Patients with fibrosis and adhesions between the lung and chest wall, commonly seen in tuberculosis, fungal disease, and bronchiectasis, have significant surgical risks because they often require pneumonectomy. Physiologic lung exclusion, in which the bronchus and pulmonary artery of the involved lobe or lung are surgically interrupted, leaving the pulmonary veins intact, appears to be a viable alternative in such patients. In a series of 20 patients, Dhaliwal and colleagues166 reported control of bleeding in all patients with no fatality and no significant morbidity.

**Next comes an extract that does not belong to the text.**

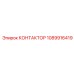 1089916419 КОНТАКТОР Epiroc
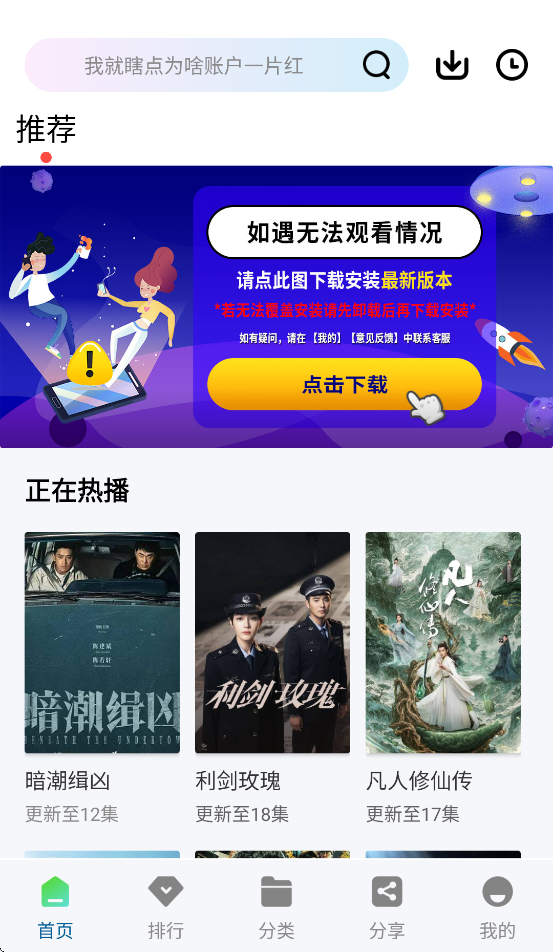 赤兔视频免费追剧截图2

Video-assisted thoracoscopic procedures may be successful in some patients.167
Other Therapies
As new devices and interventions are developed for the management of other pulmonary and nonpulmonary conditions, some may be adapted to treat massive hemoptysis. Covered self-expanding stents have been used to occlude a bleeding site in a patient not treatable by BAE or surgery.168,169 Recombinant activated factor VII has been used to control hemoptysis in DAH70,170 and focal bleeding associated with community-acquired pneumonia,171 thoracic trauma,172 and CF.173 Recombinant activated factor VII is not approved for use in hemoptysis, and clinicians must weigh adverse effects, thrombotic risk, and availability of other interventions when considering this treatment option.